[Stored items]
══════
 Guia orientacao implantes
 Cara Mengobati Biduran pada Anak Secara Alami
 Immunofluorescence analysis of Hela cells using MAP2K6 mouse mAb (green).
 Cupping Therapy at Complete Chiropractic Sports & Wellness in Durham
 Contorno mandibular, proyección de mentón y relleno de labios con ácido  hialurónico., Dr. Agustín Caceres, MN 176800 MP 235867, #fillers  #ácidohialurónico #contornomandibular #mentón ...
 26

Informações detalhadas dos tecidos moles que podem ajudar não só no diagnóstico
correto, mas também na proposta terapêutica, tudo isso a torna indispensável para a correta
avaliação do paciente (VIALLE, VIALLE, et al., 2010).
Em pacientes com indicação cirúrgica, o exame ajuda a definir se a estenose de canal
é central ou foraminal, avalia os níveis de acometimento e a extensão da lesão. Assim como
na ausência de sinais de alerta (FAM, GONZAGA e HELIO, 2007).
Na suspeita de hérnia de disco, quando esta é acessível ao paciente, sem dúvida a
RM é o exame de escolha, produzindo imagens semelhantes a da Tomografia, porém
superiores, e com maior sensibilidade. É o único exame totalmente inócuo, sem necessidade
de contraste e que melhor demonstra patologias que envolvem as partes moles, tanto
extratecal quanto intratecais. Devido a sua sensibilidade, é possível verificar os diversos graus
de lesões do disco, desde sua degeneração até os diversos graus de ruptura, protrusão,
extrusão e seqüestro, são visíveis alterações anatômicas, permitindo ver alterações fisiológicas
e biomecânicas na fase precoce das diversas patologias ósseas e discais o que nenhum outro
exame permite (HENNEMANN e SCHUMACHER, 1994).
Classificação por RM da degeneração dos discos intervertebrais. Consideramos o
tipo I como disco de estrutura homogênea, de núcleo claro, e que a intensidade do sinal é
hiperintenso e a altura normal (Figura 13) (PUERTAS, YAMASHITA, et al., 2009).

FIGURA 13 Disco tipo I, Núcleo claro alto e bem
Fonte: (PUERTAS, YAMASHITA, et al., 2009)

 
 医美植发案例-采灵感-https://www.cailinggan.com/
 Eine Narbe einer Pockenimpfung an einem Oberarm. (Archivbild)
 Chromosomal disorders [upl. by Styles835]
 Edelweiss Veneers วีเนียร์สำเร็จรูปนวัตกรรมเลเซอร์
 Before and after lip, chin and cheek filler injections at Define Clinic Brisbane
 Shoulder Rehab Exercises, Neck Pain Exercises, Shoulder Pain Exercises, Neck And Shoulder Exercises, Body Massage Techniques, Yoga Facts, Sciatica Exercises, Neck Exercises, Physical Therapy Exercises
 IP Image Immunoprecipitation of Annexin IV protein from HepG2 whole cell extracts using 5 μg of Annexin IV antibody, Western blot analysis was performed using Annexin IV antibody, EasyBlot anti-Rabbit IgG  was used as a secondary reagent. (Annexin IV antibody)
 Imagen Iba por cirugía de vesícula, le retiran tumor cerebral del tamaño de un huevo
══════
**DESCRIPTION OF THE TASK:**
Could you restate, word for word, the lines above from the one with "extrusão e seqüestro, são" to the one with "exame permite (HENNEMANN e SCHUMACHER, 1994).", both included?

**TASK ANSWER:**
extrusão e seqüestro, são visíveis alterações anatômicas, permitindo ver alterações fisiológicas
e biomecânicas na fase precoce das diversas patologias ósseas e discais o que nenhum outro
exame permite (HENNEMANN e SCHUMACHER, 1994).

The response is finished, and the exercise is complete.